Working with Batches
Workflow in Data Integrator allows you to divide the dataset into batches and then process it. Batch processing is mainly used to simplify many ETL operations like Missing value Imputation, expression, and validating data. You can specify the batch size called Chunk. Let's take a look at batch processing step by step
Batch Processing Steps
- Click on three dots () on the right-hand corner of the Data Integrator landing page. The batch processing option is displayed.
- Click on batch processing option, and the following popup is displayed
- The default chunk size is 10000. If you remove it and change it to zero, you will get an error message. The batches are created depending on the chunk size.
- The data page will be displayed as follows
- The records are processed as per mentioned batch size. When you explore the output, you will see all the processed data together. You can view maximum 10000 records per page.
- The pagination is applied when the dataset contains more than 1000 records.
Advantages
- Processing becomes faster. It improves the speed of many ETL operations like Missing value Imputation, expression, Cleansing, and model testing.
- The parallel processing becomes faster.
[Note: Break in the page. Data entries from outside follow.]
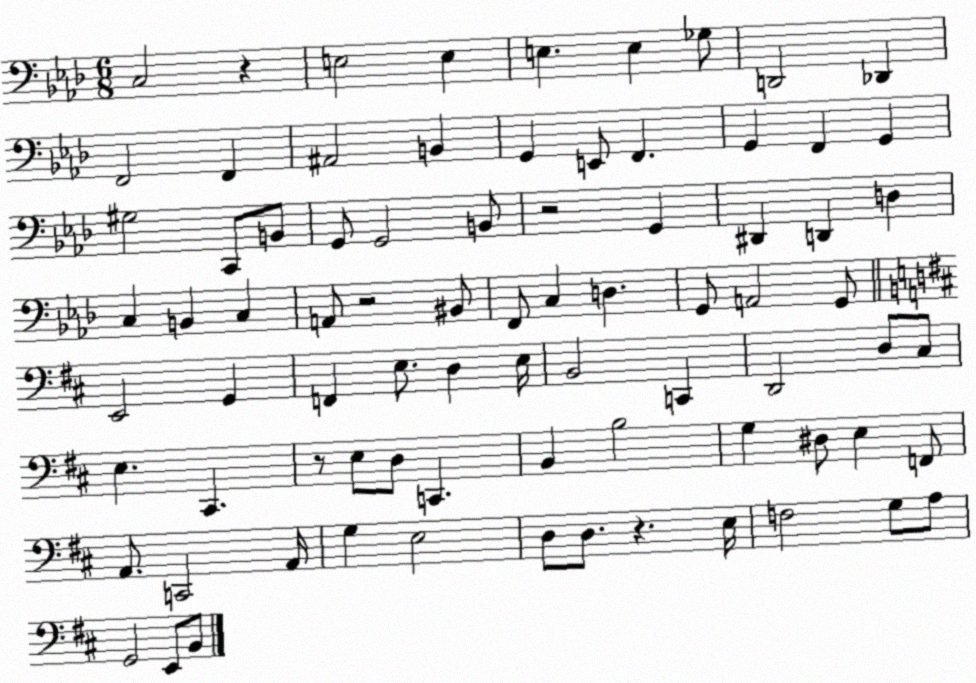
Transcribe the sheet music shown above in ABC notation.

X:1
T:Untitled
M:6/8
L:1/4
K:Ab
C,2 z E,2 E, E, E, _G,/2 D,,2 _D,, F,,2 F,, ^A,,2 B,, G,, E,,/2 F,, G,, F,, G,, ^G,2 C,,/2 B,,/2 G,,/2 G,,2 B,,/2 z2 G,, ^D,, D,, D, C, B,, C, A,,/2 z2 ^B,,/2 F,,/2 C, D, G,,/2 A,,2 G,,/2 E,,2 G,, F,, E,/2 D, E,/4 B,,2 C,, D,,2 D,/2 ^C,/2 E, ^C,, z/2 E,/2 D,/2 C,, B,, B,2 G, ^D,/2 E, F,,/2 A,,/2 C,,2 A,,/4 G, E,2 D,/2 D,/2 z E,/4 F,2 G,/2 A,/2 G,,2 E,,/2 B,,/2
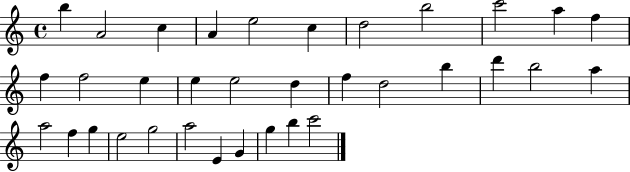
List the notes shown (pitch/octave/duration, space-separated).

B5/q A4/h C5/q A4/q E5/h C5/q D5/h B5/h C6/h A5/q F5/q F5/q F5/h E5/q E5/q E5/h D5/q F5/q D5/h B5/q D6/q B5/h A5/q A5/h F5/q G5/q E5/h G5/h A5/h E4/q G4/q G5/q B5/q C6/h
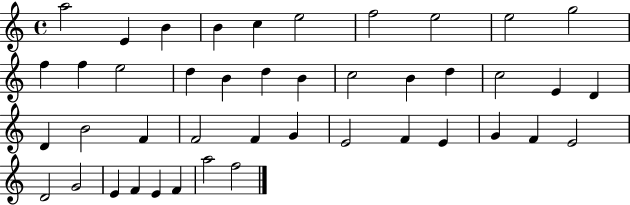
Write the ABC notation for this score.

X:1
T:Untitled
M:4/4
L:1/4
K:C
a2 E B B c e2 f2 e2 e2 g2 f f e2 d B d B c2 B d c2 E D D B2 F F2 F G E2 F E G F E2 D2 G2 E F E F a2 f2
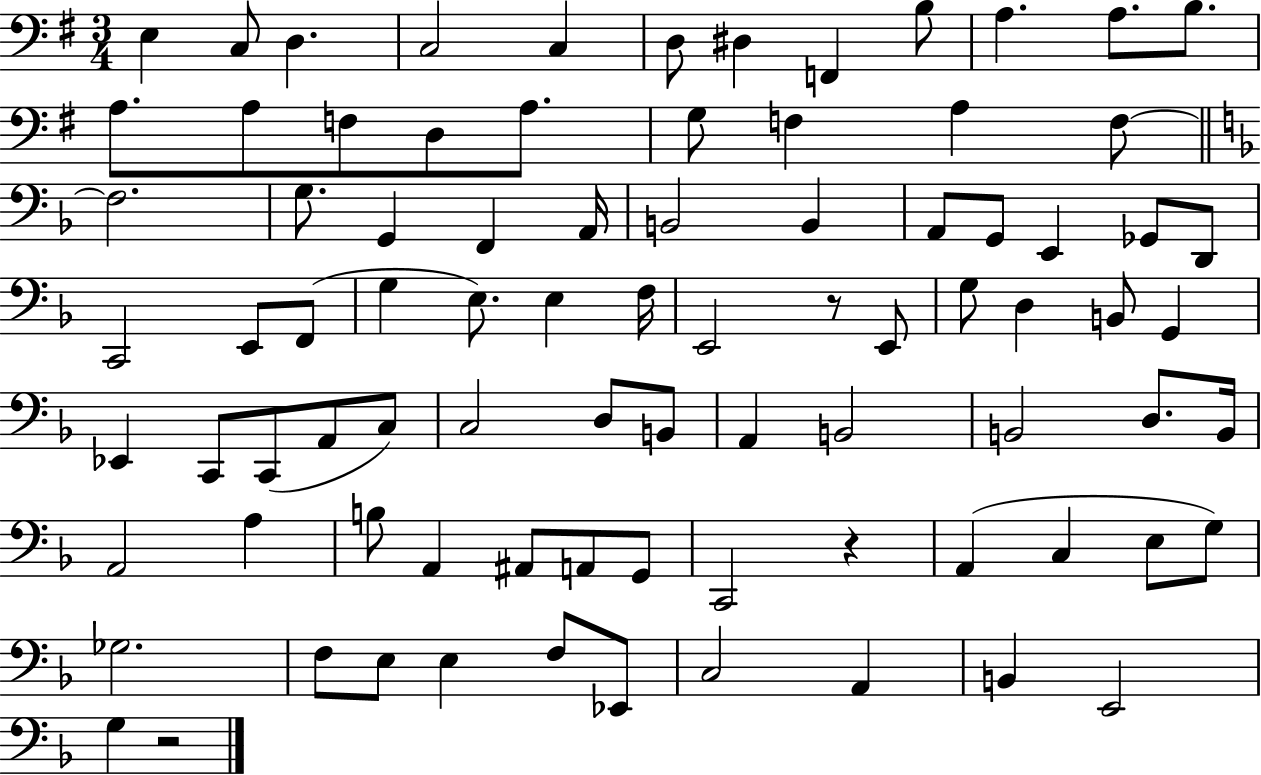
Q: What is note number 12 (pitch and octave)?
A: B3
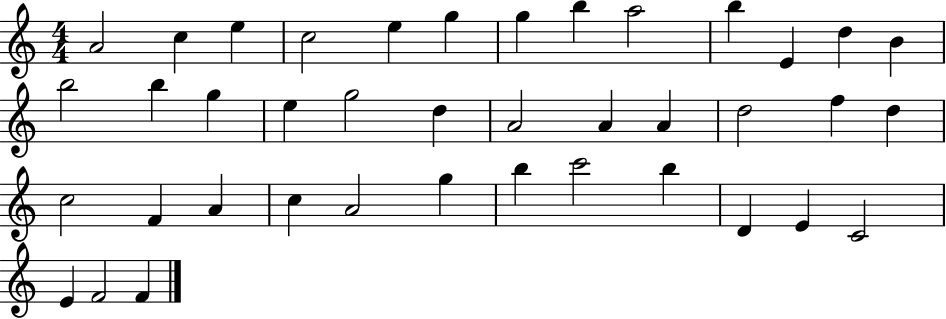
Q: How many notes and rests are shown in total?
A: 40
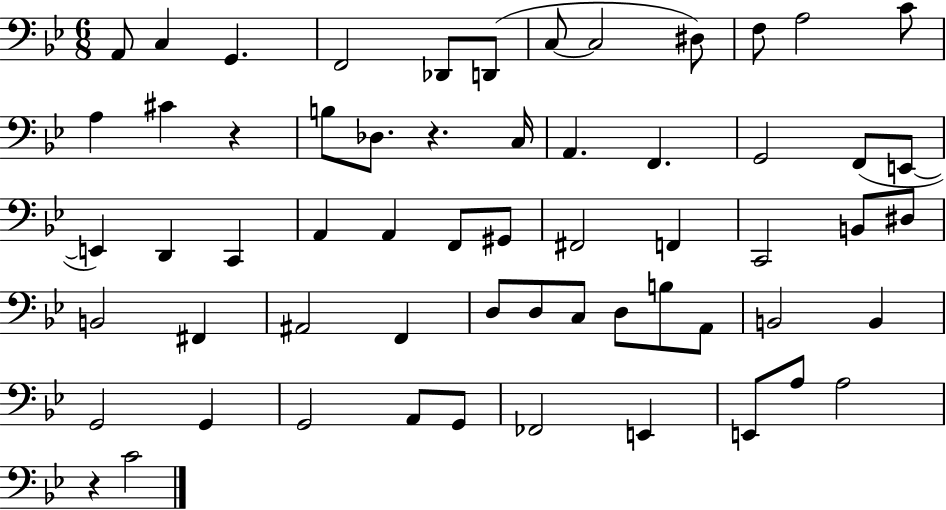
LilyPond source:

{
  \clef bass
  \numericTimeSignature
  \time 6/8
  \key bes \major
  a,8 c4 g,4. | f,2 des,8 d,8( | c8~~ c2 dis8) | f8 a2 c'8 | \break a4 cis'4 r4 | b8 des8. r4. c16 | a,4. f,4. | g,2 f,8( e,8~~ | \break e,4) d,4 c,4 | a,4 a,4 f,8 gis,8 | fis,2 f,4 | c,2 b,8 dis8 | \break b,2 fis,4 | ais,2 f,4 | d8 d8 c8 d8 b8 a,8 | b,2 b,4 | \break g,2 g,4 | g,2 a,8 g,8 | fes,2 e,4 | e,8 a8 a2 | \break r4 c'2 | \bar "|."
}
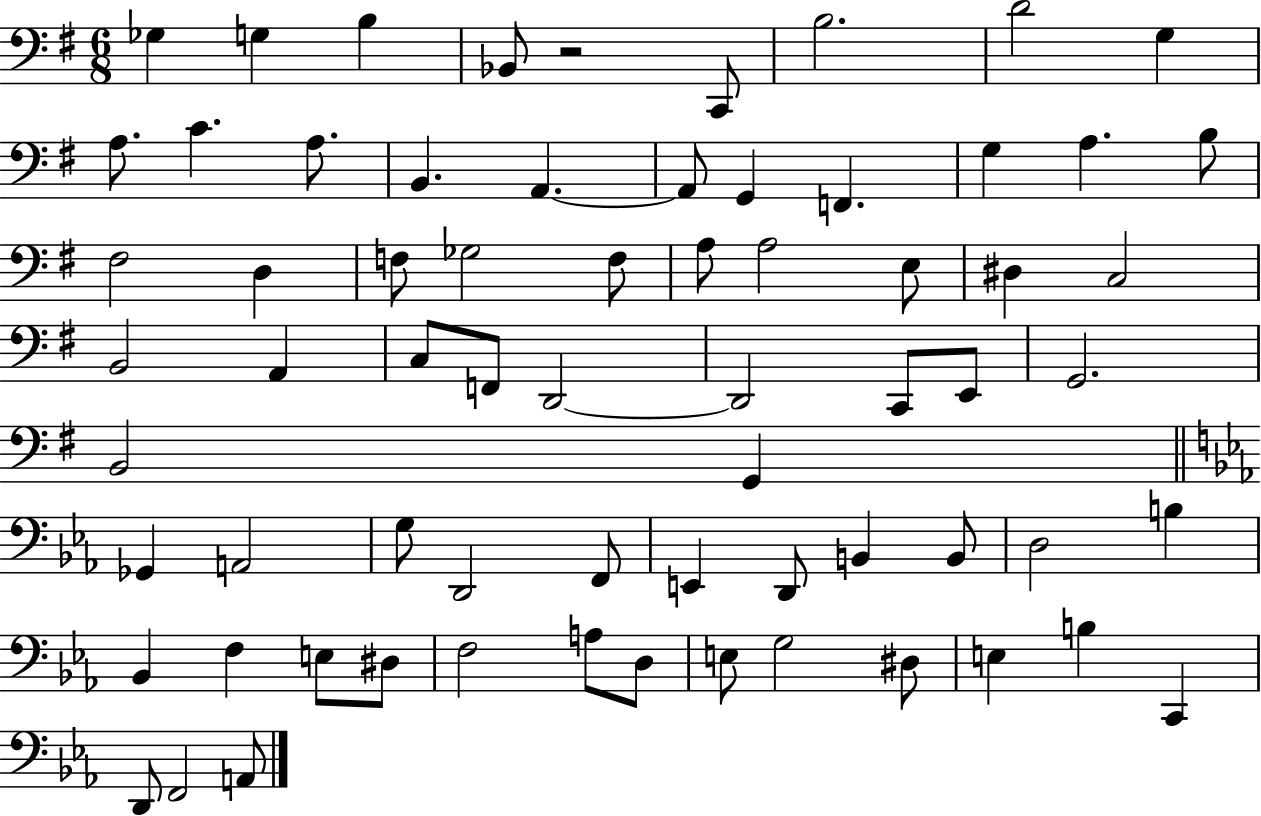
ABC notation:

X:1
T:Untitled
M:6/8
L:1/4
K:G
_G, G, B, _B,,/2 z2 C,,/2 B,2 D2 G, A,/2 C A,/2 B,, A,, A,,/2 G,, F,, G, A, B,/2 ^F,2 D, F,/2 _G,2 F,/2 A,/2 A,2 E,/2 ^D, C,2 B,,2 A,, C,/2 F,,/2 D,,2 D,,2 C,,/2 E,,/2 G,,2 B,,2 G,, _G,, A,,2 G,/2 D,,2 F,,/2 E,, D,,/2 B,, B,,/2 D,2 B, _B,, F, E,/2 ^D,/2 F,2 A,/2 D,/2 E,/2 G,2 ^D,/2 E, B, C,, D,,/2 F,,2 A,,/2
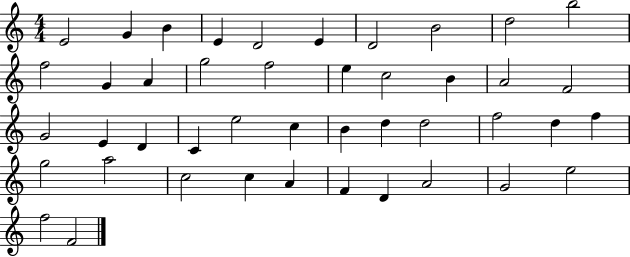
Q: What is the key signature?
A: C major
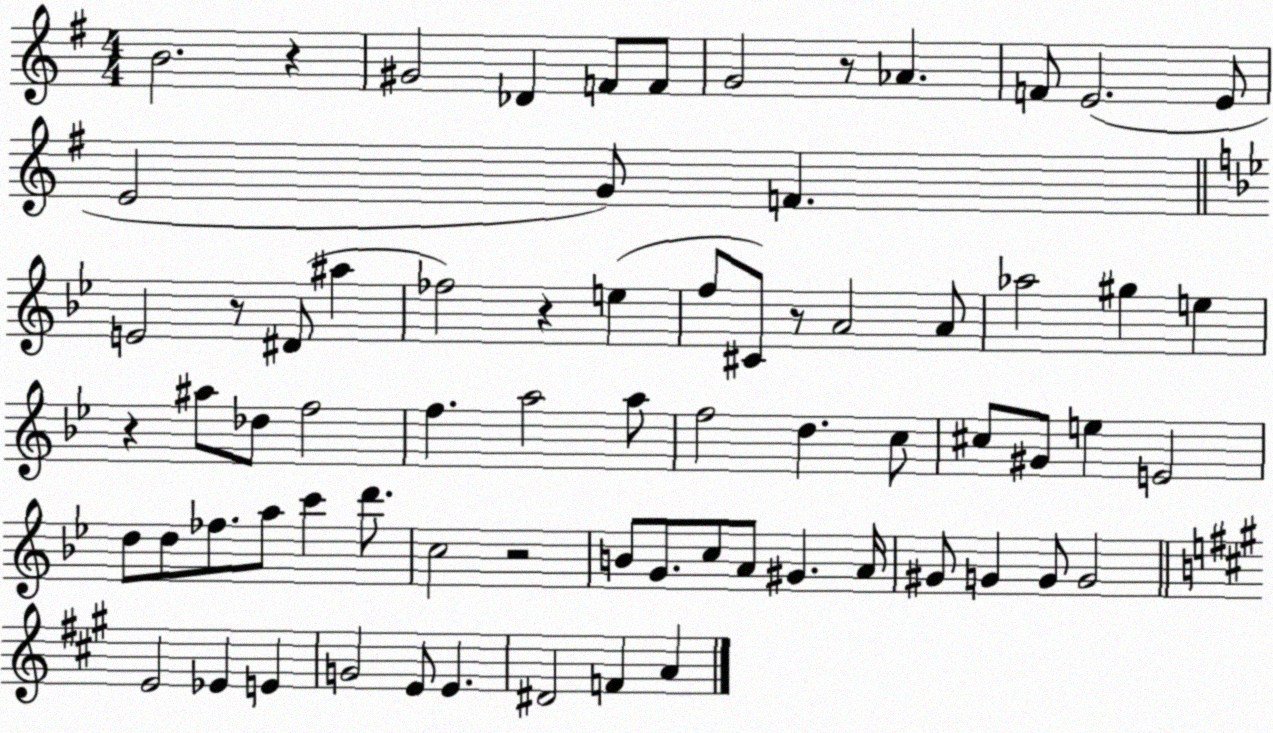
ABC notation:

X:1
T:Untitled
M:4/4
L:1/4
K:G
B2 z ^G2 _D F/2 F/2 G2 z/2 _A F/2 E2 E/2 E2 G/2 F E2 z/2 ^D/2 ^a _f2 z e f/2 ^C/2 z/2 A2 A/2 _a2 ^g e z ^a/2 _d/2 f2 f a2 a/2 f2 d c/2 ^c/2 ^G/2 e E2 d/2 d/2 _f/2 a/2 c' d'/2 c2 z2 B/2 G/2 c/2 A/2 ^G A/4 ^G/2 G G/2 G2 E2 _E E G2 E/2 E ^D2 F A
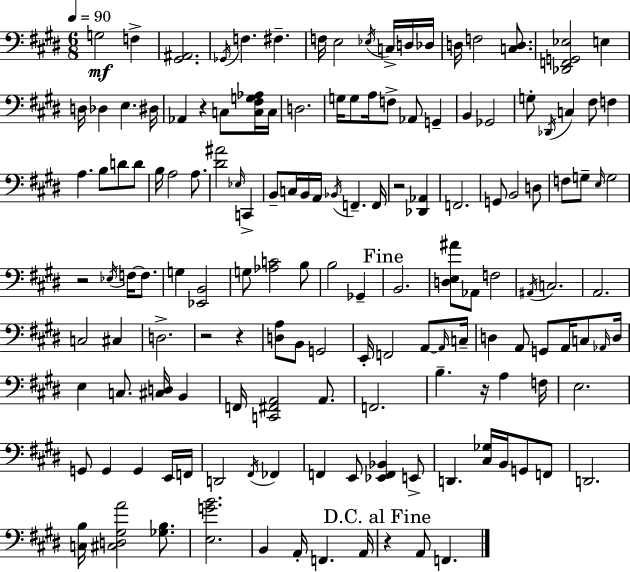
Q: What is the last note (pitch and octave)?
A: F2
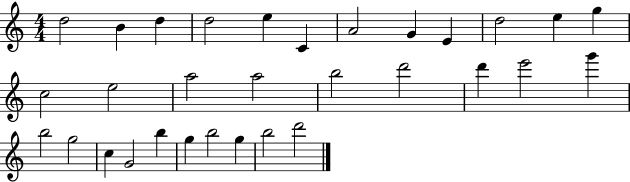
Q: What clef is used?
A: treble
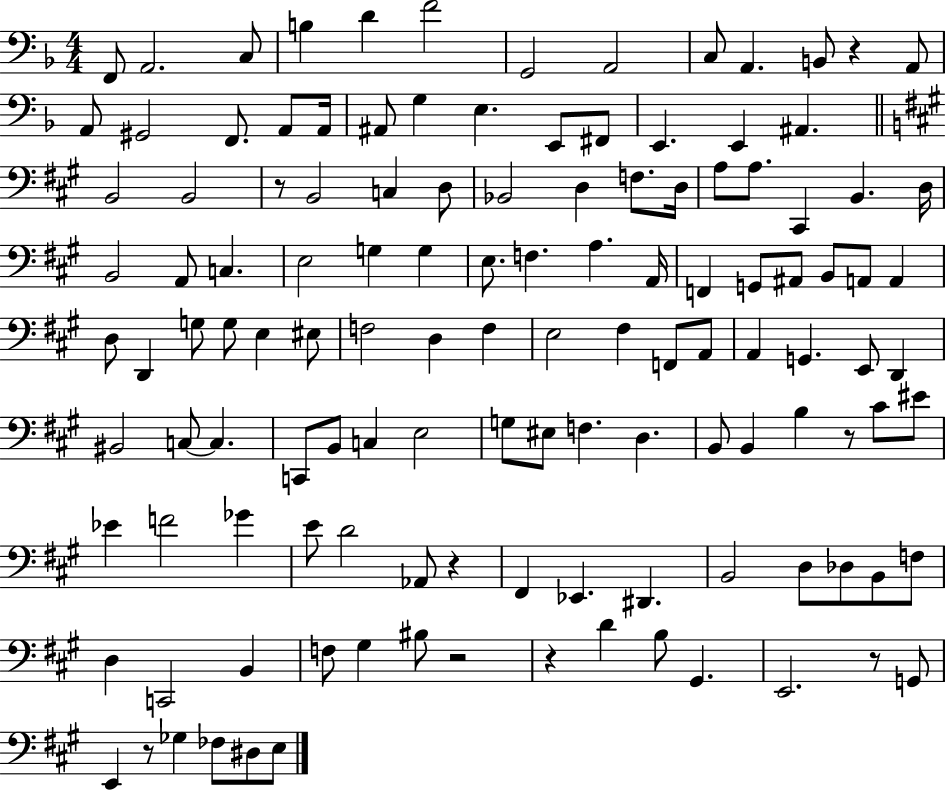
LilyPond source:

{
  \clef bass
  \numericTimeSignature
  \time 4/4
  \key f \major
  f,8 a,2. c8 | b4 d'4 f'2 | g,2 a,2 | c8 a,4. b,8 r4 a,8 | \break a,8 gis,2 f,8. a,8 a,16 | ais,8 g4 e4. e,8 fis,8 | e,4. e,4 ais,4. | \bar "||" \break \key a \major b,2 b,2 | r8 b,2 c4 d8 | bes,2 d4 f8. d16 | a8 a8. cis,4 b,4. d16 | \break b,2 a,8 c4. | e2 g4 g4 | e8. f4. a4. a,16 | f,4 g,8 ais,8 b,8 a,8 a,4 | \break d8 d,4 g8 g8 e4 eis8 | f2 d4 f4 | e2 fis4 f,8 a,8 | a,4 g,4. e,8 d,4 | \break bis,2 c8~~ c4. | c,8 b,8 c4 e2 | g8 eis8 f4. d4. | b,8 b,4 b4 r8 cis'8 eis'8 | \break ees'4 f'2 ges'4 | e'8 d'2 aes,8 r4 | fis,4 ees,4. dis,4. | b,2 d8 des8 b,8 f8 | \break d4 c,2 b,4 | f8 gis4 bis8 r2 | r4 d'4 b8 gis,4. | e,2. r8 g,8 | \break e,4 r8 ges4 fes8 dis8 e8 | \bar "|."
}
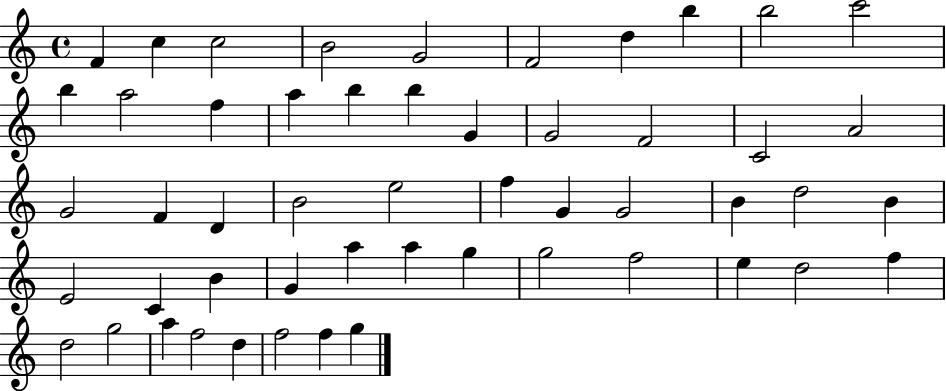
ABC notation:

X:1
T:Untitled
M:4/4
L:1/4
K:C
F c c2 B2 G2 F2 d b b2 c'2 b a2 f a b b G G2 F2 C2 A2 G2 F D B2 e2 f G G2 B d2 B E2 C B G a a g g2 f2 e d2 f d2 g2 a f2 d f2 f g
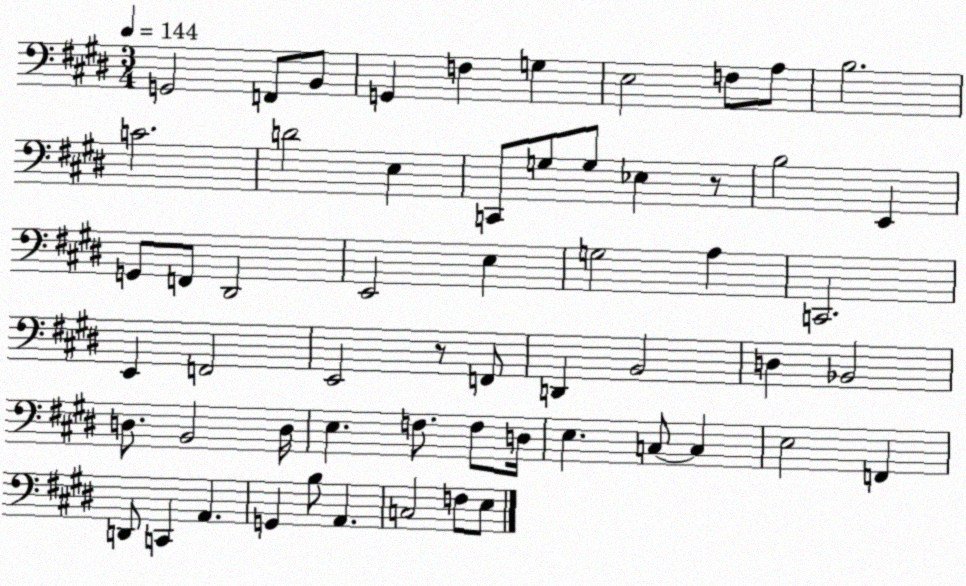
X:1
T:Untitled
M:3/4
L:1/4
K:E
G,,2 F,,/2 B,,/2 G,, F, G, E,2 F,/2 A,/2 B,2 C2 D2 E, C,,/2 G,/2 G,/2 _E, z/2 B,2 E,, G,,/2 F,,/2 ^D,,2 E,,2 E, G,2 A, C,,2 E,, F,,2 E,,2 z/2 F,,/2 D,, B,,2 D, _B,,2 D,/2 B,,2 D,/4 E, F,/2 F,/2 D,/4 E, C,/2 C, E,2 F,, D,,/2 C,, A,, G,, B,/2 A,, C,2 F,/2 E,/2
Consider the following workflow.
- Dataset reads the data from the file.
- You build an expression and save it in the output file in one process.
- In another process you build the Model.
- When you apply batch processing, both processes run concurrently.
- Following figure explains the parallel processing.
- You are allowed to explore the model when it is processing.
Limitations
- Apply Batch processing only on Workflow.
- Don't apply Batch processing in the case of entire column operations like average, and totals.
- Batch processing is not allowed on the datasets generated using the following techniques
- SSAS RDBMS
- Twitter
- JSON file format
- Google news